Because they indicate flavor rather than rules text, ability words are printed in italics and are separated from their corresponding rules text by an em-dash. Ability words are used to label mechanics that cannot be keyworded.[1] From a design standpoint, the important thing to note about an ability word is that you can't refer to it mechanically.[2]

Ability words were introduced with Unhinged's gotcha, and were first printed on tournament-legal cards in Saviors of Kamigawa with channel and sweep. Some earlier unnamed mechanics, such as Invasion block's domain, have retroactively received ability words. Odyssey block's threshold was errataed during rules changes in Time Spiral block to be an ability word, rather than a keyword, as was Mirrodin block's imprint with the release of Scars of Mirrodin.

Ability words are distinct from keyword actions and keyword abilities. Collectively, they are described as mechanics.

Dungeons & Dragons: Adventures in the Forgotten Realms adopts a very loose approach to ability words called flavor words, which are used to represent themed actions, character feats or magic, or monster abilities, instead of grouping similarly functioning cards.
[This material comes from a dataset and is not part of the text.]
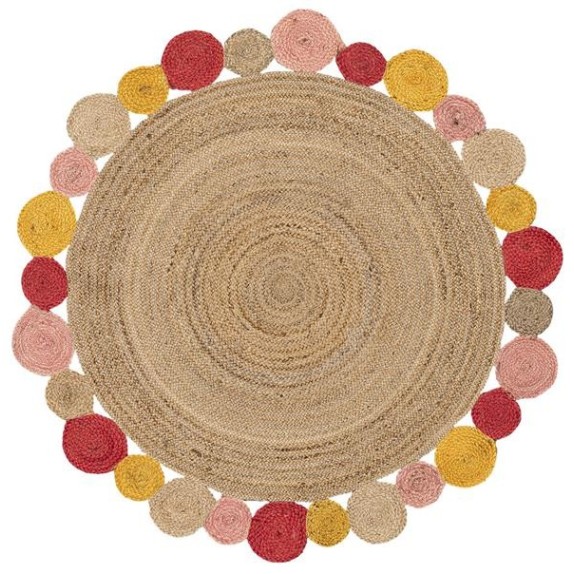 Χαλί New Plan Delhi Br-67 Δ200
From the glossary of the Comprehensive Rules (November 19, 2021—Innistrad: Crimson Vow)

Ability Word
An italicized word with no rules meaning that ties together abilities on different cards that have similar functionality. See rule 207.2c.

From the Comprehensive Rules (November 19, 2021—Innistrad: Crimson Vow)

  • 207.2c An ability word appears in italics at the beginning of some abilities. Ability words are similar to keywords in that they tie together cards that have similar functionality, but they have no special rules meaning and no individual entries in the Comprehensive Rules. The ability words are adamant, addendum, battalion, bloodrush, channel, chroma, cohort, constellation, converge, council’s dilemma, delirium, domain, eminence, enrage, fateful hour, ferocious, formidable, grandeur, hellbent, heroic, imprint, inspired, join forces, kinship, landfall, lieutenant, magecraft, metalcraft, morbid, pack tactics, parley, radiance, raid, rally, revolt, spell mastery, strive, sweep, tempting offer, threshold, undergrowth, and will of the council.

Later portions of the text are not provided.